• Problem to work on: Only the lines below from the one containing "Highlander Men Henley" through the last line should be set down, exactly as written and with no pictures.

• Input data:
________________________

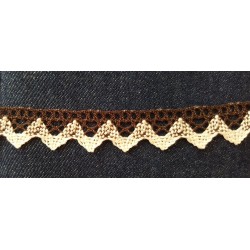 Pamutcsipke 2 cm barna krém mintás cikkcakkos szélcsipke
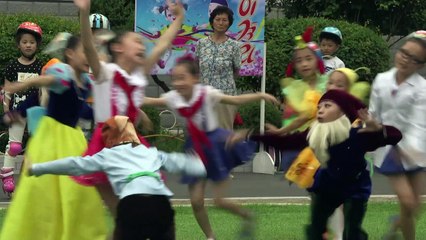 Granadas y fusiles de juguete en el día del niño norcoreano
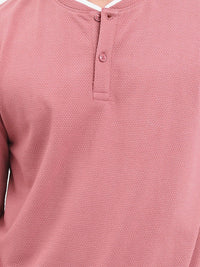Highlander Men Henley Neck Popcorn berstruktur T-Shirt Fit Biasa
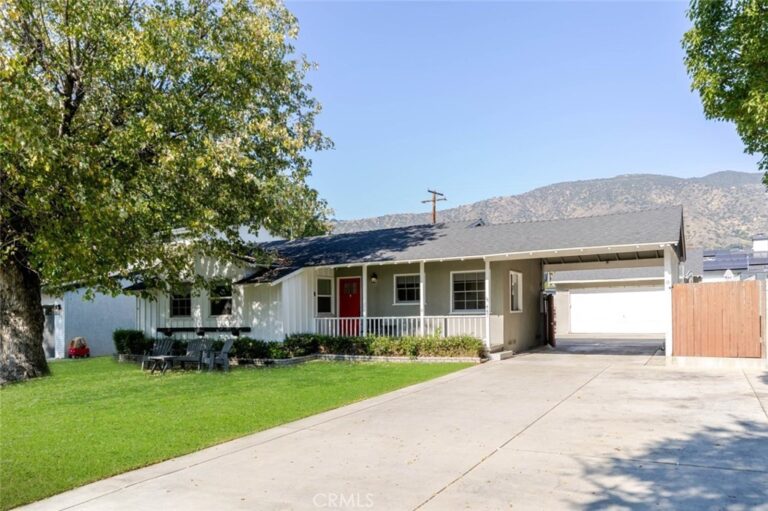 447 W Bennett Avenue, Glendora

________________________

• Exercise output:
Highlander Men Henley Neck Popcorn berstruktur T-Shirt Fit Biasa
 447 W Bennett Avenue, Glendora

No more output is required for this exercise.